Vale SA (VALE) still appears overvalued and we believe it has further to run down more. We believe the issues are macro in nature, and that the Brazilian Stock Market may likely continue to underperform others. Recently, CEO Murilo Ferreira made comments which led us to believe there is more negative in store for this stock:
"His remarks at a gathering of executives and government officials sponsored by a Brazilian magazine underscored eroding corporate profitability in Brazil amid the fastest cost inflation and wage growth in years. More than 40 percent of Brazilian companies polled by Thomson Reuters reported lower profit margins in the first quarter, mainly due to rising labor costs and operating expenses."
On the other hand, the CEO also announced plans to attempt to sell more into the USA market, but analysts on that announcement were quite skeptical:
"About 3 percent of Vale's sales went to the United States last year, less than a tenth of its sales to China, and some analysts question how eager the U.S. market will be for foreign iron ore. Currently, the North American iron ore market is nearly self sufficient, with mines located close to rail and water links that can ship the ore cheaply and efficiently to mills."
We also believe Vale is making overly optimistic statements about the rapid increase in certain commodities which may not materialize:
"Vale expects the price of nickel, which has fallen nearly 50% in two years, to rise this year, said Peter Poppinga, the company's base metals chief. ... Poppinga also sees the long-term outlook for copper to be good, despite copper prices recently falling to seven-month lows."

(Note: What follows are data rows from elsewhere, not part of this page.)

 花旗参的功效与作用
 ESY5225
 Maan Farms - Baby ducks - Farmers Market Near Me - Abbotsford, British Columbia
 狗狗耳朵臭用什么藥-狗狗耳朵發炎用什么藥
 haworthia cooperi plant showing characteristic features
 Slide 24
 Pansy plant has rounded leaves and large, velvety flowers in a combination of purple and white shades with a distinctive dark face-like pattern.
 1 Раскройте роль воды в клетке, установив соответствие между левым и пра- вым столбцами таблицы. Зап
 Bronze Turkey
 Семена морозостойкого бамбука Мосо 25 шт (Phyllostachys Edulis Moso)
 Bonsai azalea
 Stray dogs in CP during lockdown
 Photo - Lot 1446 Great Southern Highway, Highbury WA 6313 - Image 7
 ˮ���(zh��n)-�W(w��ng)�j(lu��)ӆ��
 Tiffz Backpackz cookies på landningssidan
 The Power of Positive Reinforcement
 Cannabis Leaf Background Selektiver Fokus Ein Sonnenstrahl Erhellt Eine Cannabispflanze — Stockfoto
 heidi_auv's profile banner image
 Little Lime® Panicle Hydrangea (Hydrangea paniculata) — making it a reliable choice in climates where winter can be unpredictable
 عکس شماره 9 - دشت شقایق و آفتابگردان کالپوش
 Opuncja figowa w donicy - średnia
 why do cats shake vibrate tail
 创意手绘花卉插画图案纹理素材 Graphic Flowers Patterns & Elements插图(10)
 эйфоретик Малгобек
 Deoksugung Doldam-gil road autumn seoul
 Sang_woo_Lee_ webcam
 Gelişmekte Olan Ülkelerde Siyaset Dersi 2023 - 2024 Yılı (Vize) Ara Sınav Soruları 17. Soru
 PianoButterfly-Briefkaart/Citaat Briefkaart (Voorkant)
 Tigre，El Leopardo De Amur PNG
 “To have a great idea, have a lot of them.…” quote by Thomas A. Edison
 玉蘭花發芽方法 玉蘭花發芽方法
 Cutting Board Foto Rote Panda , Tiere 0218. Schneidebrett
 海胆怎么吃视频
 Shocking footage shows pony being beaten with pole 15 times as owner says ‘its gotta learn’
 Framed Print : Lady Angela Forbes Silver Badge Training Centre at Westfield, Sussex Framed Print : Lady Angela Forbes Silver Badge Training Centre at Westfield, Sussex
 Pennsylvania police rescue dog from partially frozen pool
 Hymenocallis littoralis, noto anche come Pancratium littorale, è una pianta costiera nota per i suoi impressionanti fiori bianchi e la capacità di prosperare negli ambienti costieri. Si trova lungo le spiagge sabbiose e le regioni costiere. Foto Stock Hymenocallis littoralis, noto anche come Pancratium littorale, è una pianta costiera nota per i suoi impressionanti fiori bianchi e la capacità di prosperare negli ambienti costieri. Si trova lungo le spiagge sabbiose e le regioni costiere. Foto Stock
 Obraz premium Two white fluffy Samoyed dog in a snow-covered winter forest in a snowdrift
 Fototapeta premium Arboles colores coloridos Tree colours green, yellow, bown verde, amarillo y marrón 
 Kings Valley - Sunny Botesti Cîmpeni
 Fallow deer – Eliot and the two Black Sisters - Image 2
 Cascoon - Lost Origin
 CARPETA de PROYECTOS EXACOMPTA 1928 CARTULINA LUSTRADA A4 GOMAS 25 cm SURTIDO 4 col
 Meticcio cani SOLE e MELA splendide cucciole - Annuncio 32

BHP Billiton (BHP) made comments recently which we believe are more realistic about the potential of iron ore prices to drastically lower profits of Vale:
"Global iron ore supplies will expand faster than demand over the long term, potentially lowering prices and reducing volatility of the raw material used to make steel, according to BHP Billiton. New seaborne cargoes will gradually displace more expensive output, mainly in China, Alan Chirgwin, general manager of iron ore marketing at the world's largest mining company, told an industry conference in Singapore today. He didn't give price forecasts or define long term."
We are starting to hear murmurs from China about decreased demand for iron ore imports:
"Last week, Wang Liqun, deputy secretary-general of the China Iron & Steel Association, announced that although Chinese iron ore imports grew last year, this year they are expected to drop considerably. "Significant low-cost supply, mainly from Australia and Brazil, will eventually meet and exceed incremental Chinese demand."
Finally is the issue of rising wages in Brazil and how this impacts a very large employer in Brazil is quite important:
"... most families' incomes are still rising fast. Unemployment is close to record lows and pay rises are comfortably outstripping inflation, partly because of big hikes to the minimum wage, but also because of that tight jobs market."
We see very little reason to be owning VALE right now, and lots of downside not realized by the market yet. If the CEO is issuing warnings about the macro picture, we have learned it is best to listen to them while they are speaking.